If you only ever do one excersise (at the same weight, as with pushups) your body will become accustomed to the excersise. I know that there are many push-up variants, but I still wouldn't restrict myself to JUST push-ups.

Unless you exhaust the triceps and anterior (front) shoulder muscles first, presses of any kind are not the most efficient way to train the chest muscles. That distinction belongs to the fly's. Dumbbell fly, cable fly, etc.

Aodhan

There are some people who live in a dream world, and there are some who face reality; and then there are those who turn one into the other.
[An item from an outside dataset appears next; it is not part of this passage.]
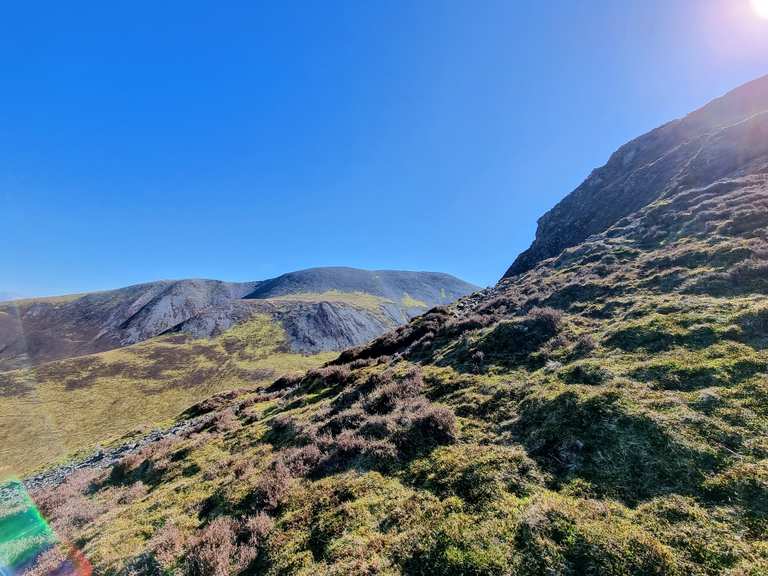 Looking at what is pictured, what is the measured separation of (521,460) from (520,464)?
163mm

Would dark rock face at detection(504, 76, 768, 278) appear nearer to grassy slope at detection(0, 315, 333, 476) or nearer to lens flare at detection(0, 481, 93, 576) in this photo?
lens flare at detection(0, 481, 93, 576)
-Douglas Everett, American hockey player

Posted
My problem with push-ups:

I can NOT go all the way down (except on my knees). So how do I get my body conditioned to go all the way down? I've been on a push-up program for a while now, but I don't sense that they are getting any deeper, even though I can do more half-way push-ups than when I started.

Does it use a different muscle to go all the way chest-to-floor? Will doing knee-push-ups going chest-to-floor help?

Hi there. Why don't you trying doing push-ups from a different approach, starting at the bottom of the motion - so to speak. Once you stabilize yourself at the "bottom" (chest as close to the floor without touching, arms bent) of the push-up...hold this position for as long as you can. Your arms will start to shake like crazy after only a few seconds (because your body is not used to holding this position) your abs may even start to feel the burn. But if you keep repeating this for maybe a few weeks you may strenghten your muscles enough to complete a full push-up(s) all the way up and down.

Give it a try, it can't hurt. :wink:

Posted
As in my previous post, I like push-ups, but they are not a replacement for bench press, dumbell press, etc...

If you only ever do one excersise (at the same weight, as with pushups) your body will become accustomed to the excersise. I know that there are many push-up variants, but I still wouldn't restrict myself to JUST push-ups.

Unless you exhaust the triceps and anterior (front) shoulder muscles first, presses of any kind are not the most efficient way to train the chest muscles. That distinction belongs to the fly's. Dumbbell fly, cable fly, etc.

Aodhan

depends on what you're trying to do. If I'm going for mass, the bench is the way to go. If you only want to isolate the chest, do flyes.

Posted
My problem with push-ups:

I can NOT go all the way down (except on my knees). So how do I get my body conditioned to go all the way down? I've been on a push-up program for a while now, but I don't sense that they are getting any deeper, even though I can do more half-way push-ups than when I started.

Does it use a different muscle to go all the way chest-to-floor? Will doing knee-push-ups going chest-to-floor help?

why can't you do it? what hurts when you go low? what gives out?